GOAL OF THE EXERCISE :: The answer must be every line of the records in which the string "Cotton" appears.

[Records from a collection]
↓
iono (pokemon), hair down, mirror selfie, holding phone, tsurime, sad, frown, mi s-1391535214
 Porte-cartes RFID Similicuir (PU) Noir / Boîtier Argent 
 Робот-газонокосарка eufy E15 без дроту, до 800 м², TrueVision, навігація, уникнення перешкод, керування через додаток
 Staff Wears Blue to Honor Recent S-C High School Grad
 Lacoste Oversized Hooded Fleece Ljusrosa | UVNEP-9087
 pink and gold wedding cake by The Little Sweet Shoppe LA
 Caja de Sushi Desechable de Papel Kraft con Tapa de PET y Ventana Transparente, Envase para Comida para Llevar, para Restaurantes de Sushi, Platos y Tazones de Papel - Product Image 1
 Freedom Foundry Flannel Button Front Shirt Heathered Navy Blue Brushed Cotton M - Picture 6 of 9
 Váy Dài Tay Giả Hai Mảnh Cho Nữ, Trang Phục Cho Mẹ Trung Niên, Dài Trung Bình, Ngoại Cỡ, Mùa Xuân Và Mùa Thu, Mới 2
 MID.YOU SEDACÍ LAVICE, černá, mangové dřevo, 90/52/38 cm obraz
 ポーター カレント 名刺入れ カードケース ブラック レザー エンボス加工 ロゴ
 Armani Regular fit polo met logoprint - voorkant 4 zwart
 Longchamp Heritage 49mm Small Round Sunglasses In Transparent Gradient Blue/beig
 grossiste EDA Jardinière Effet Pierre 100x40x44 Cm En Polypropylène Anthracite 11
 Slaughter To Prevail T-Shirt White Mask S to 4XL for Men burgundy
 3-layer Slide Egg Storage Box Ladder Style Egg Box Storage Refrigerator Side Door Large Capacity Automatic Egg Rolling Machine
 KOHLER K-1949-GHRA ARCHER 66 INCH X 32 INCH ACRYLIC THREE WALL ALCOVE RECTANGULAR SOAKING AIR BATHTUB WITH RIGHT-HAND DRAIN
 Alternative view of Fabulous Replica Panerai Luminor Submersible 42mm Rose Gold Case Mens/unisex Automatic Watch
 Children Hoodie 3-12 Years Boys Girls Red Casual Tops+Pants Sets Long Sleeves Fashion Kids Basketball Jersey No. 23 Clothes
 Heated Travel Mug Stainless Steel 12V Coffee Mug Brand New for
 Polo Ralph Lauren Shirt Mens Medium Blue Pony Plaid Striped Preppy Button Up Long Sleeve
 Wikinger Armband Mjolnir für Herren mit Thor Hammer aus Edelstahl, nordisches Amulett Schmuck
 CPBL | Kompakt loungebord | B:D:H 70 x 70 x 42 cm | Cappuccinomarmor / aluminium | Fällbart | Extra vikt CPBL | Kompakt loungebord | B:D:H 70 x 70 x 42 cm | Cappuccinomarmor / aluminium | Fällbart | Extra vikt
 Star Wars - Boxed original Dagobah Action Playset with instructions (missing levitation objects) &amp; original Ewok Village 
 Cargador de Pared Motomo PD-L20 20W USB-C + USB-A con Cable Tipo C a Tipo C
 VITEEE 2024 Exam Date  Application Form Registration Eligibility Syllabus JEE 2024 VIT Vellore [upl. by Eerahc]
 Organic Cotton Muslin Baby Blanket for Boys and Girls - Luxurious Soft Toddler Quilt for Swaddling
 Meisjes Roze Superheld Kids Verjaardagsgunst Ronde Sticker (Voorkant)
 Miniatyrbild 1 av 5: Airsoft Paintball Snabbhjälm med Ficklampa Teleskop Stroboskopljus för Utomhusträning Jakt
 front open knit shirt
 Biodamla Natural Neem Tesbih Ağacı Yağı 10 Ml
↑
RESPONSE ::
 Freedom Foundry Flannel Button Front Shirt Heathered Navy Blue Brushed Cotton M - Picture 6 of 9
 Organic Cotton Muslin Baby Blanket for Boys and Girls - Luxurious Soft Toddler Quilt for Swaddling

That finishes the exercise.